Fields such as finance, insurance and geology are full of random phenomena. We deal with these problems based on a large amount of statistical data and analyse the development law of the variables we care about. The density function and hazard rate function can fully reflect the distribution law of samples. The asymptotic properties of density estimator and hazard rate estimator are important research topics in Statistics. There are many literatures on the estimation of density function and hazard rate function under complete data. However, in many practical applications, incomplete data are encountered due to various causes, such as right-censored and/or left-truncated data as well as missing data. For example, in questionnaire survey or interview, loss of questionnaire or non-response will lead to data loss. When there are missing data, standard estimation methods cannot be applied directly, specially, for the unknown function with finite discontinuous. In this thesis, we employ nonlinear wavelet estimation method to deal with this puzzle. The major advantage of the wavelet method is its adaptability (in the minimax sense) to the degree of smoothness of the underlying unknown cure.
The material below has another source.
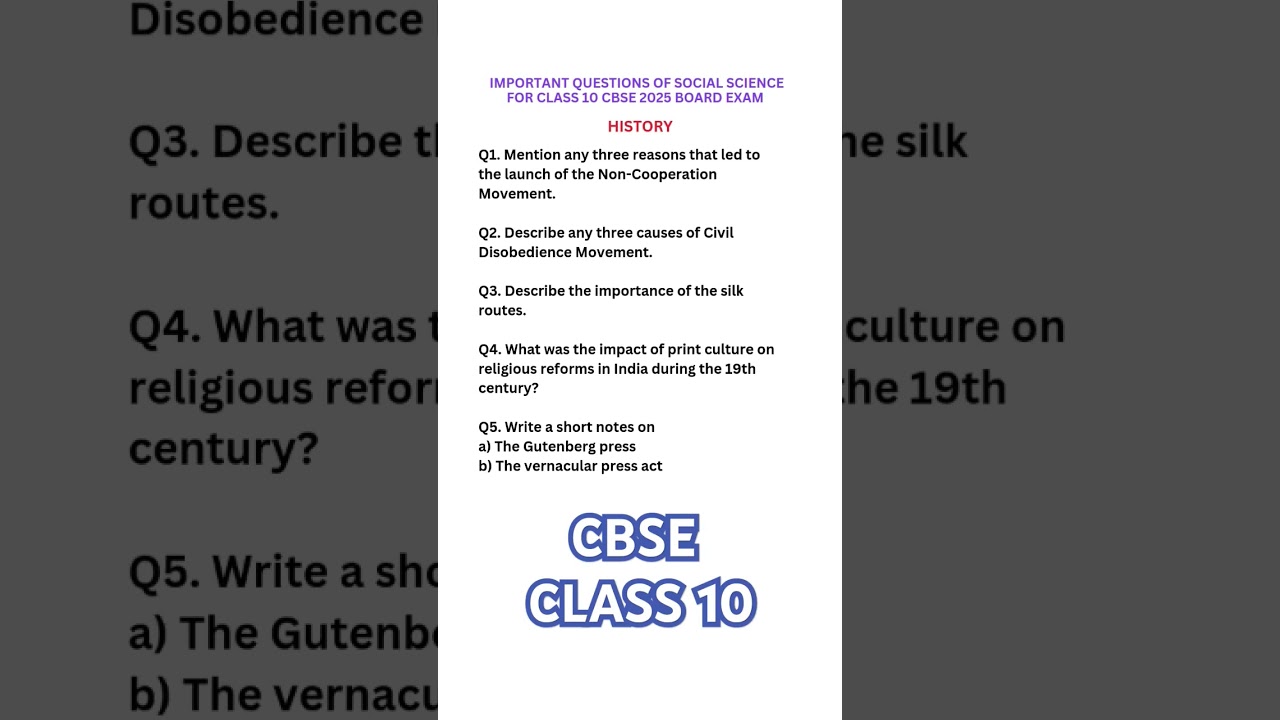 Important questions of social science for cbse class 10 board exam 2025 #cbseclass10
The random variables $\{X_i,1\le i\le n\}$ with a continuous distribution function (df) F and density function f. For density function $f\in L_2\left(\mathbb{R}\right)$, we have the following wavelet expression:

(1) $f\left(x\right)=\sum _l{b}_l{\phi }_l\left(x\right)+\sum _{k=0}^{\mathrm{\infty }}\sum _l{b}_{kl}{\psi }_{kl}\left(x\right),$(1) where $b_l=\int {\phi }_l\left(x\right)f\left(x\right)\mathrm{d}x$ and $b_{kl}=\int {\psi }_{kl}\left(x\right)f\left(x\right)\mathrm{d}x$ are the wavelet coefficients of f, and the system $\left\{{\phi }_l\right(x),{\psi }_{kl}(x),l\in \mathbb{Z},k\in \mathbb{Z}\}$ is an orthonormal basis for the space $L_2\left(\mathbb{R}\right)$. The proposed nonlinear wavelet estimated of f is defined by (2) ${\hat{f}}_n\left(x\right)=\sum _l{\hat{b}}_l{\phi }_l\left(x\right)+\sum _{k=0}^{q-1}\sum _l{\hat{b}}_{kl}{\psi }_{kl}I(|{\hat{b}}_{kl}|>\lambda ),$(2) where $\lambda >0$ is a threshold, $q\ge 1$ is a truncation parameter, ${\hat{b}}_l=\int {\phi }_l\left(x\right)\mathrm{d}{F}_n\left(x\right)$ and ${\hat{b}}_{kl}=\int {\psi }_{kl}\left(x\right)\mathrm{d}{F}_n\left(x\right)$ are estimators of wavelet coefficients $b_l$ and $b_{kl}$, respectively, with the estimator $F_n$ of F.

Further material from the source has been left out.